**Provided material**

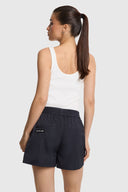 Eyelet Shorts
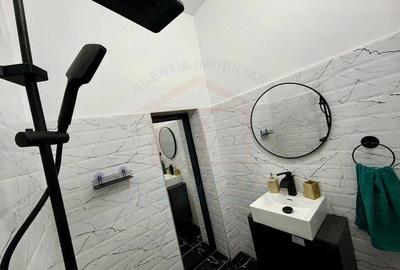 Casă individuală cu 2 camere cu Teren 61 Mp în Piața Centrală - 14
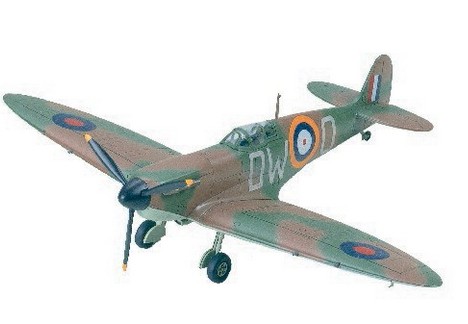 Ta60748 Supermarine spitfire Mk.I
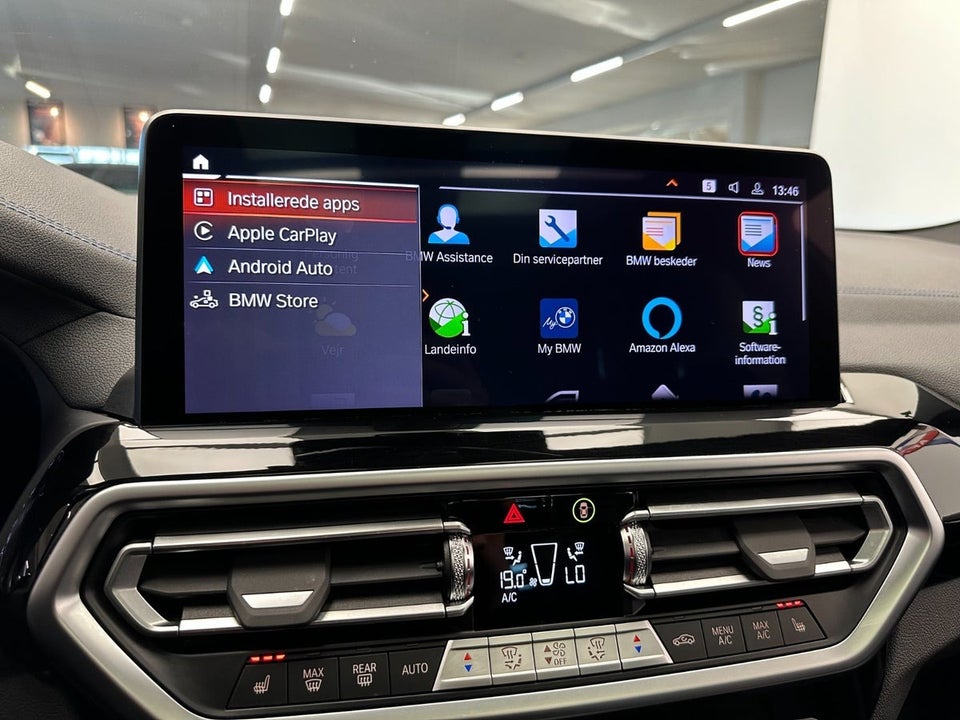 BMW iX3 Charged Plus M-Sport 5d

**Goal of the exercise**
Could you retype exactly, and only, the lines running from the one with "Ta60748 Supermarine spitfire Mk.I" to the last line of the listing, while leaving any pictures out?

**Solution to this problem**
 Ta60748 Supermarine spitfire Mk.I
 BMW iX3 Charged Plus M-Sport 5d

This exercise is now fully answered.